Limitations & Future Work¶
- Performance remains relatively weak on datasets with a large number of categories (ADE with 847 classes, Cityscapes), leaving room for improvement.
- BBoost occasionally misses non-salient objects (background regions), as captioning training is biased toward foreground targets.
- Segmentation quality is bounded by X-Decoder; as OVS models support more categories, AutoSeg's upper bound will rise accordingly.
- The optimal number of captioning rounds depends on dataset characteristics, and an adaptive strategy is currently lacking.
Related Work & Insights¶
- vs. ZeroSeg: ZeroSeg requires three separate models (DINO, CLIP, GPT-2) and achieves only 20.1 mIoU on VOC; AutoSeg reaches 87.1 using BLIP alone.
- vs. LISA: LISA necessitates multiple inference passes per category, making it extremely inefficient and ineffective in multi-category scenes (7.7 mIoU).
- vs. OVS methods: AutoSeg surpasses OpenSeg and OVSeg—both of which require ground-truth category names—without any category input, demonstrating the competitiveness of automatic vocabulary generation.
Rating¶
- Novelty: ⭐⭐⭐⭐⭐ — The first truly intervention-free auto-vocabulary semantic segmentation framework; the discovery of BLIP's emergent local captioning capability is particularly inspiring.

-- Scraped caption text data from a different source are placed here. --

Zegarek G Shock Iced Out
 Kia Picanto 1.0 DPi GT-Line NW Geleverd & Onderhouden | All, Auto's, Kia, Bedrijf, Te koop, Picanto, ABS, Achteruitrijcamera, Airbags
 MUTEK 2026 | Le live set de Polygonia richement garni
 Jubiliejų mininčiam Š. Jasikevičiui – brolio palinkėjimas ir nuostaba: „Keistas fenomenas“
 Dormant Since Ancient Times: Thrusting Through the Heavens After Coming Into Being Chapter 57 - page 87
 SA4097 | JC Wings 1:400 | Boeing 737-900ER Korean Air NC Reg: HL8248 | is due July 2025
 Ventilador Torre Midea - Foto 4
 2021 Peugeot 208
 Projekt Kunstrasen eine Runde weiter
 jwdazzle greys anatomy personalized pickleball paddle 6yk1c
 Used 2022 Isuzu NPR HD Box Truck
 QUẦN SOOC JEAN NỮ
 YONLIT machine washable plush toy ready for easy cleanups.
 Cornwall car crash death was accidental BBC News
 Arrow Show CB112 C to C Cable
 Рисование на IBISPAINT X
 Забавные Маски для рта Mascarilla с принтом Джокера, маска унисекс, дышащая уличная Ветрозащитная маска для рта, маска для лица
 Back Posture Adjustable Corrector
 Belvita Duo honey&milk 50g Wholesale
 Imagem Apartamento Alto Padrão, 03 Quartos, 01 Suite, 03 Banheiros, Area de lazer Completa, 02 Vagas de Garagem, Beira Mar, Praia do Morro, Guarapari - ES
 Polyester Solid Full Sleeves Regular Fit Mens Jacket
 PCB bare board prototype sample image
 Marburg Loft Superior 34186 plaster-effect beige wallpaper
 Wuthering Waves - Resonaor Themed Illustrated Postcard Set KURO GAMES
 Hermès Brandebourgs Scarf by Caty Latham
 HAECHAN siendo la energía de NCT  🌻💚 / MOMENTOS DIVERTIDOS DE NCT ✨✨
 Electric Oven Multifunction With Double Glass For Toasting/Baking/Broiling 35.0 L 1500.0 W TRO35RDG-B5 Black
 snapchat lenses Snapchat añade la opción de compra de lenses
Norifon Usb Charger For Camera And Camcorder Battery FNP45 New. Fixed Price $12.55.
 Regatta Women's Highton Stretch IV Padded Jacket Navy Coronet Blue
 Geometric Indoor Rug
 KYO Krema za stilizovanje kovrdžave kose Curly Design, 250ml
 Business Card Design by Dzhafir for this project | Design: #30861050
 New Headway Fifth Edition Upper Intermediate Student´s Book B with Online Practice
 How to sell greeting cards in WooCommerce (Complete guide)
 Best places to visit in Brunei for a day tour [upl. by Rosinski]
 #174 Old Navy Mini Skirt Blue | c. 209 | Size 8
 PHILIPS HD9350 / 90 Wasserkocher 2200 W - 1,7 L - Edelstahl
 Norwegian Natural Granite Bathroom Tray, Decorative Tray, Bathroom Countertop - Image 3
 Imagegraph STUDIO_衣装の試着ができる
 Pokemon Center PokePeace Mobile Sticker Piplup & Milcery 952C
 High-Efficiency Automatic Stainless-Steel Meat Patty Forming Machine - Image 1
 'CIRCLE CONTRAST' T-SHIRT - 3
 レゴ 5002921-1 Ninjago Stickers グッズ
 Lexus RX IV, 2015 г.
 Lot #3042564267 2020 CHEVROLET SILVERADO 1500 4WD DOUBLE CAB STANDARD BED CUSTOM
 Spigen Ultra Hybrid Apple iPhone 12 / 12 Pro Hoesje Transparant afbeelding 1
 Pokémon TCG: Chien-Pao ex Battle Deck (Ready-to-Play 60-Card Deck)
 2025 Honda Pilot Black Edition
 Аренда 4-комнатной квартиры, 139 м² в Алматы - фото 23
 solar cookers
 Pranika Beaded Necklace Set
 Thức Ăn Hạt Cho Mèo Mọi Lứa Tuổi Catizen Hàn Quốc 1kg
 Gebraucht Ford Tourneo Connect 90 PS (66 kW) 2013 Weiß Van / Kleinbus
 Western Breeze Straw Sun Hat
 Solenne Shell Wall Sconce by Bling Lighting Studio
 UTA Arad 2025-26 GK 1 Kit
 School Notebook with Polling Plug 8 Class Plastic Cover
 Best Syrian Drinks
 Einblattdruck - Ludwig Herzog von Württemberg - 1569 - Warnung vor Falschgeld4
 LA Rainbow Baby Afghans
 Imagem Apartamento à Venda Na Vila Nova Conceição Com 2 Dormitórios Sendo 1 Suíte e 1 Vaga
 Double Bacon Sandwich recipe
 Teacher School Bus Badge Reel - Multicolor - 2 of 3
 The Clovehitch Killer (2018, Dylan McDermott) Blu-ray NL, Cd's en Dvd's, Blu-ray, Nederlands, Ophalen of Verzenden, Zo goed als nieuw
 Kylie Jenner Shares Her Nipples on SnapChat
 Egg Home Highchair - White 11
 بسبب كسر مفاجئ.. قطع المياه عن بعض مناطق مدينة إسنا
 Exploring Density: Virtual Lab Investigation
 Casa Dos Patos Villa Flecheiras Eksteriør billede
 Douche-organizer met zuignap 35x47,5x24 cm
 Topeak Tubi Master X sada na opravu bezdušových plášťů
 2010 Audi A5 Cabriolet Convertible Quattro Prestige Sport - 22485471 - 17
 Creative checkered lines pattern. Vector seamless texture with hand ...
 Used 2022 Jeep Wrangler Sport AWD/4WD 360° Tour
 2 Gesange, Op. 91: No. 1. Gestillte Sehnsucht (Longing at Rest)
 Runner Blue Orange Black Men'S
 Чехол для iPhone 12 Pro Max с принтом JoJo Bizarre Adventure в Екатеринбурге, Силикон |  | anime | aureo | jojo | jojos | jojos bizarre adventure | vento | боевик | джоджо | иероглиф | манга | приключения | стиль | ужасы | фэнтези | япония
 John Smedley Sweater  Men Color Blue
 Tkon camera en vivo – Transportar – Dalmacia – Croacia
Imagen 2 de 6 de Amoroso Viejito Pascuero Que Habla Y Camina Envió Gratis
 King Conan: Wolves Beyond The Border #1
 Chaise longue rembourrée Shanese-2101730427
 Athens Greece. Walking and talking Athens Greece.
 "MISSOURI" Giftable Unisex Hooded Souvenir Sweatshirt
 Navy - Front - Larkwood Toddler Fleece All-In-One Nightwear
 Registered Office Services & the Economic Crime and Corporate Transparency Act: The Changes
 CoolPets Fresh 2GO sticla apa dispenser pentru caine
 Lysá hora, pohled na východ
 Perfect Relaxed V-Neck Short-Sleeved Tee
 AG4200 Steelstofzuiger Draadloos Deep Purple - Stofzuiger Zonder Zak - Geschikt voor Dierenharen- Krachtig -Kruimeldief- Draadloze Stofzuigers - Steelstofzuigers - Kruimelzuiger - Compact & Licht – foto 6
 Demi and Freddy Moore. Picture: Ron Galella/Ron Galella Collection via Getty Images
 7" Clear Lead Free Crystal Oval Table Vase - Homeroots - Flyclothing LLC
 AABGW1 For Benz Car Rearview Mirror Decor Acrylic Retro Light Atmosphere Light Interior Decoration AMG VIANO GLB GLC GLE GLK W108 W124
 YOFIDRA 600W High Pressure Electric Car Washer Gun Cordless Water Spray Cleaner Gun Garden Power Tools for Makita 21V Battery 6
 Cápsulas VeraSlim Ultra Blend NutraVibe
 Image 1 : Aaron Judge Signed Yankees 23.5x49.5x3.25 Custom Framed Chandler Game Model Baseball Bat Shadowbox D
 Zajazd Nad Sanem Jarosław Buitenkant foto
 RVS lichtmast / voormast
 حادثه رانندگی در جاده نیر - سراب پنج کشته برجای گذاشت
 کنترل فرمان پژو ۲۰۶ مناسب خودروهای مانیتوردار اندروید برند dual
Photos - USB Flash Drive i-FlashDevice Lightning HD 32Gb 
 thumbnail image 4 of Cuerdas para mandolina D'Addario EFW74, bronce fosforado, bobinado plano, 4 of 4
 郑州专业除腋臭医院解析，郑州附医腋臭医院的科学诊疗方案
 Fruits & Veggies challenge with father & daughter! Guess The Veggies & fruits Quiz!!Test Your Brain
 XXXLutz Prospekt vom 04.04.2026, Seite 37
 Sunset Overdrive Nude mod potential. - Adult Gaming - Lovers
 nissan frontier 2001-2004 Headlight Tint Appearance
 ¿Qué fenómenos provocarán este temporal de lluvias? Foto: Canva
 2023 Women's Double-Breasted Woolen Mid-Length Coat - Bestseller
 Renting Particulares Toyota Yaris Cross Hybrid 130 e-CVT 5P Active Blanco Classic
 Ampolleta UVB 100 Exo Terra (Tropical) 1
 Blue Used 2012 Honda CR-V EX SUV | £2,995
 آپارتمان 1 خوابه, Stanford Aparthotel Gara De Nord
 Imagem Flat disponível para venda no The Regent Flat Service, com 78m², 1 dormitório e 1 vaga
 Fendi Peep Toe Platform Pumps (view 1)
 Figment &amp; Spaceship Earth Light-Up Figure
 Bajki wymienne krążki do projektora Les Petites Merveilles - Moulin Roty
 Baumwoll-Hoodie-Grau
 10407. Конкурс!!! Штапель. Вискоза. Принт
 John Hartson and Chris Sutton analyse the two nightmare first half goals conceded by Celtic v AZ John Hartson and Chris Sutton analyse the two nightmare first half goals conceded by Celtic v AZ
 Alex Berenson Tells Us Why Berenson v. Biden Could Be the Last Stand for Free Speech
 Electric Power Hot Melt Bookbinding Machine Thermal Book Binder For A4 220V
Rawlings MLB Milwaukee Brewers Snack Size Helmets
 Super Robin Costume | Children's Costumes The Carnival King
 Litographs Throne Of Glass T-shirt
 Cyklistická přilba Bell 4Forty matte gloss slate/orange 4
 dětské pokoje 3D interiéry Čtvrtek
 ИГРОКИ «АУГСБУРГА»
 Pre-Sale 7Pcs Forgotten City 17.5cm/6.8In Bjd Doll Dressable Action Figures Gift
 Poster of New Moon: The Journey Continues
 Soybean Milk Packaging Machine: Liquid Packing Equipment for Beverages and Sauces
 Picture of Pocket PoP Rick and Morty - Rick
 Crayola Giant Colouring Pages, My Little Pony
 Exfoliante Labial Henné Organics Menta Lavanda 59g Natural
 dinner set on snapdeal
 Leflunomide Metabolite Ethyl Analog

- Experimental Thoroughness: ⭐⭐⭐⭐ — Four datasets, extensive ablations, and comparisons with OVS methods; failure case analysis is somewhat lacking.
- Writing Quality: ⭐⭐⭐⭐ — Problem formulation is clear; the AVS vs. OVS comparison figure is intuitive.
- Value: ⭐⭐⭐⭐⭐ — Eliminating the human in the loop represents a meaningful advance for segmentation; the LAVE evaluation framework is broadly reusable.